B. Grid Electron Emission and Photon Tagging

• Observation: Spontaneous electron emission from grid "hot spots" (defects/debris) is a significant source of few-electron backgrounds.
• Photon Correlation: A critical finding is that grid-emitted electrons are frequently accompanied by photon emission.
  • Approximately 8.9% of all S2 pulses from grid emitters have a coincident SPE preceding them within the drift time window (~2.2 µs).
  • Accounting for photon detection efficiency, the authors estimate that ~64% of gate-emitted electron pulses have an associated photon signal.
• Tagging Efficiency: By using a photon coincidence tag (looking for an SPE within the gate drift window), the authors demonstrated a method to identify and reject grid backgrounds.
  • In a test on WS2022 data, this cut suppressed the rate of 2–4 electron pulses (dominated by hot spots) by over an order of magnitude.
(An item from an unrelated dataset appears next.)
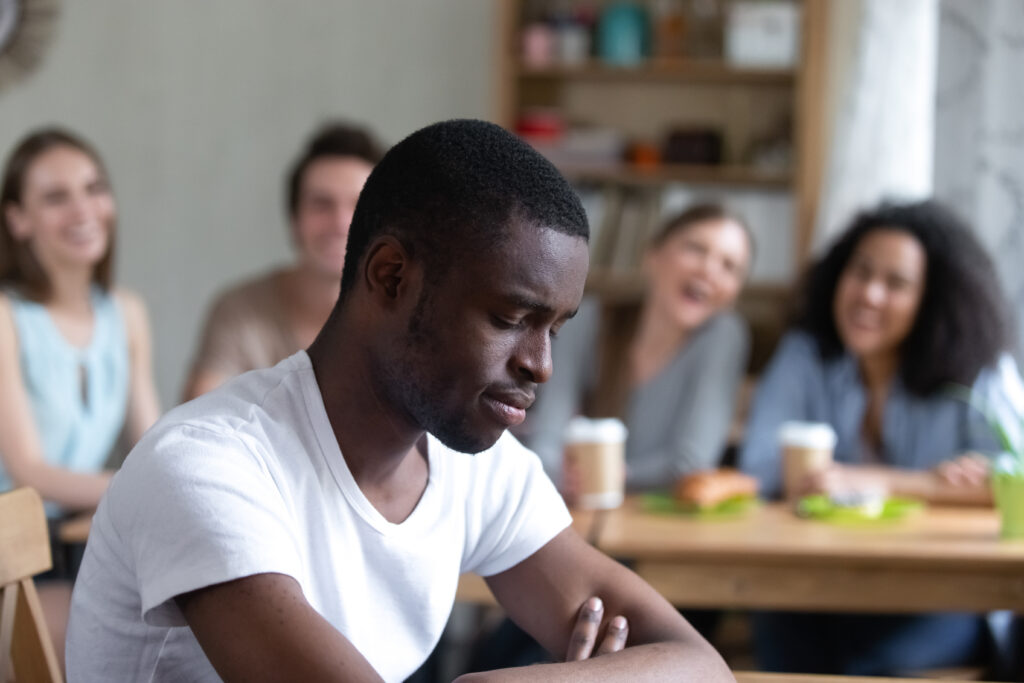 A photo depicting a dejected Black man sitting at a table by himself while a group of people laugh in the background.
  • The cut rejected SEs by a factor of >2 while maintaining a signal acceptance of ~93–98% for genuine dark matter candidate events (S2-only events >10 electrons).

4. Significance

• Improved Sensitivity for Low-Mass Dark Matter: This work provides the necessary tools to suppress the dominant instrumental backgrounds in the few-electron regime. By characterizing the delayed emission mechanism and establishing a photon-tagging cut for grid emission, LZ can significantly lower its energy threshold.
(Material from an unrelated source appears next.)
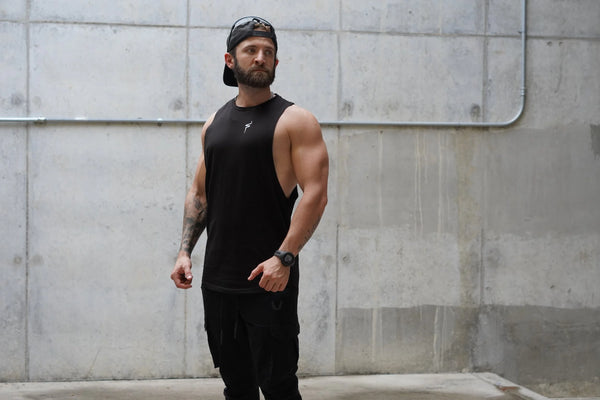 Man wearing a black tank top and cap standing against a concrete wall.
• Validation of Background Models: The confirmation that bulk impurities (not surface traps) drive delayed emission refines the simulation and mitigation strategies for future tonne-scale LXe experiments (e.g., XENONnT, DARWIN).
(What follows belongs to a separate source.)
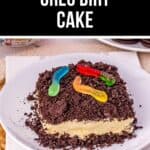 A slice of Oreo Dirt Cake topped with crumbled cookies and gummy worms is served on a white plate, making for a delightfully playful dessert.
• New Rejection Strategy: The demonstration that grid emission can be tagged via coincident photons offers a powerful, data-driven background rejection technique that is more efficient than simple rate-based cuts, allowing for the retention of more signal events while removing spurious grid noise.

In summary, this paper establishes a robust framework for understanding and mitigating few-electron backgrounds in LZ, directly enabling more sensitive searches for sub-GeV dark matter and validating new techniques for future dark matter experiments.